# [DATA BLOCK]
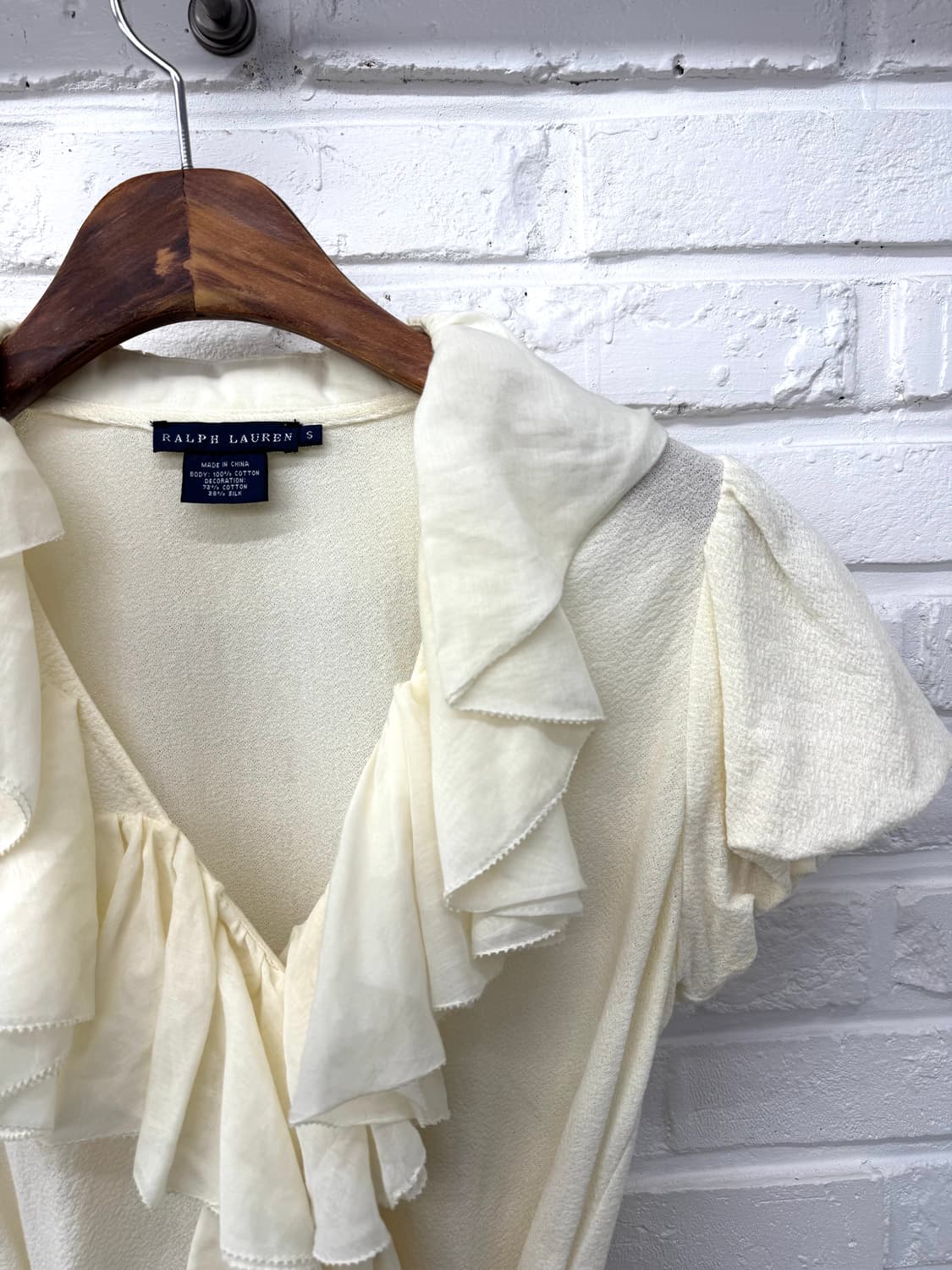 랄프로렌 아이보리 러플 셔링 반팔 블라우스 상품이미지4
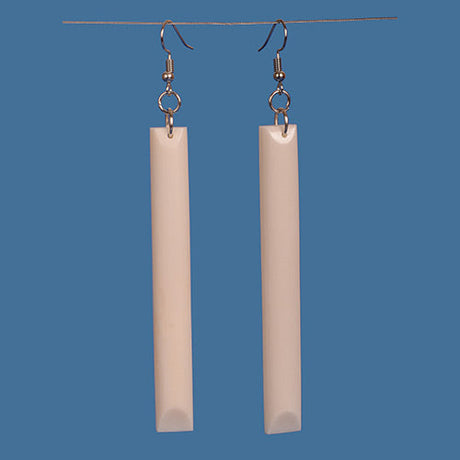 Medium Bone Adze Style Earrings showcasing Maori craftsmanship, handcrafted from premium beef bone, unique Toki design.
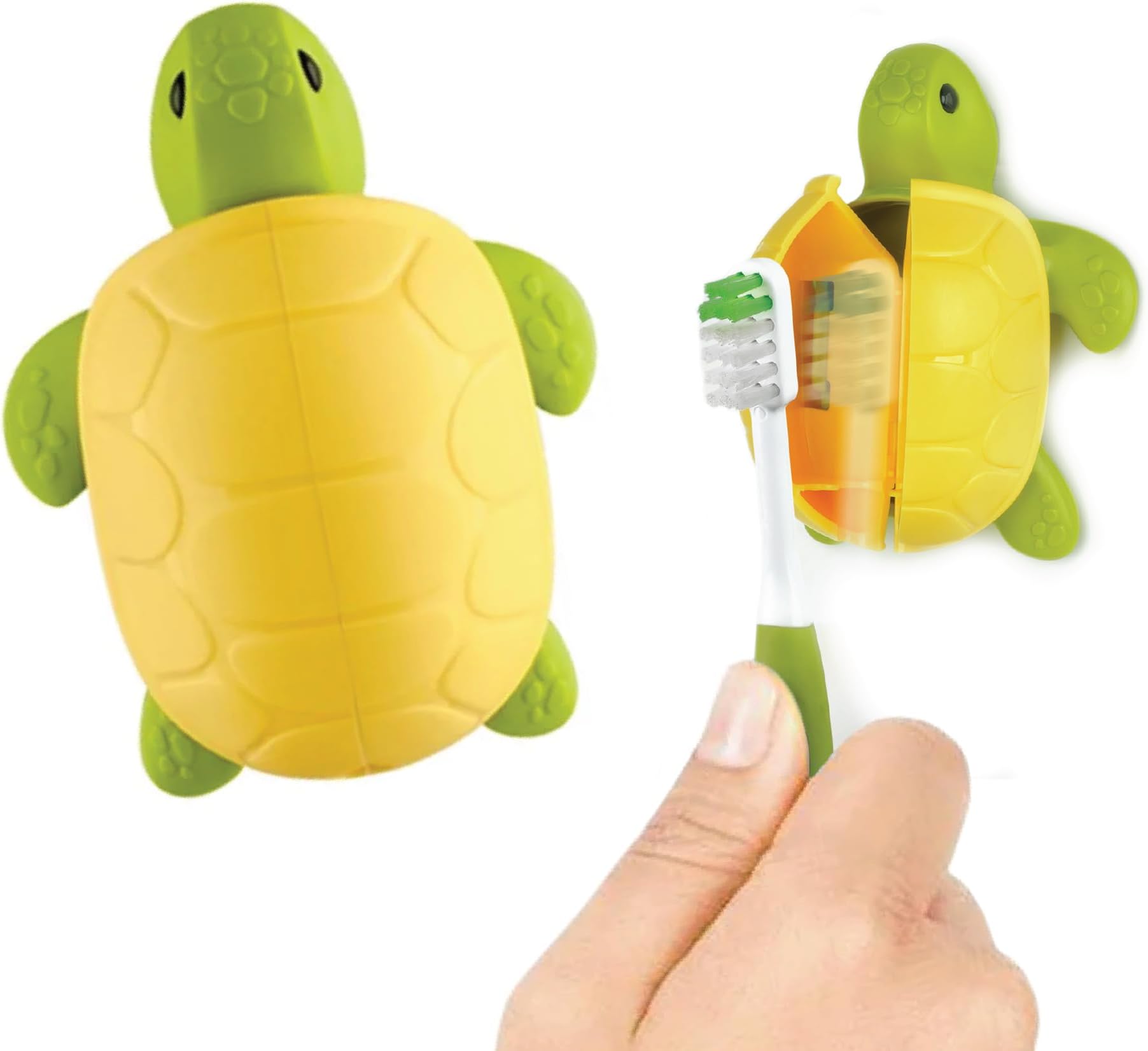 Flipper Fun Animal Turtle Toothbrush Cover, One Touch Open & Close,Suction Cup Toothbrush Holder for Mirrors, Glass or Tiles,Dust-proof Adorable Easy to Use,Made in Malaysia,Patented Design 3Y+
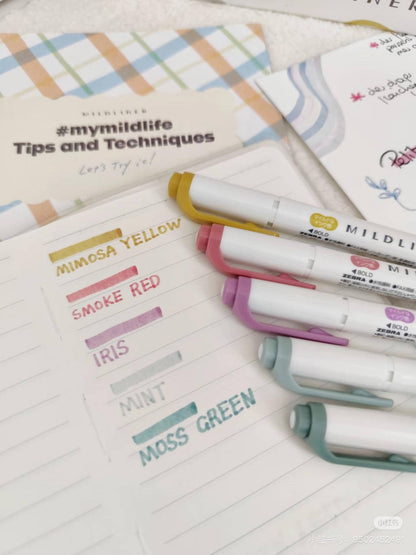 Zebra 2025 New Mildliner Double-Sided Highlighter | Dual Tip Fine Bold | 5 Color Set | Japanese Pens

# [WHAT TO WORK ON]
Each line from the one containing "Medium Bone Adze" through the final line of the data must be reproduced exactly, both ends included, with no pictures in the copy.

# [RESULT]
 Medium Bone Adze Style Earrings showcasing Maori craftsmanship, handcrafted from premium beef bone, unique Toki design.
 Flipper Fun Animal Turtle Toothbrush Cover, One Touch Open & Close,Suction Cup Toothbrush Holder for Mirrors, Glass or Tiles,Dust-proof Adorable Easy to Use,Made in Malaysia,Patented Design 3Y+
 Zebra 2025 New Mildliner Double-Sided Highlighter | Dual Tip Fine Bold | 5 Color Set | Japanese Pens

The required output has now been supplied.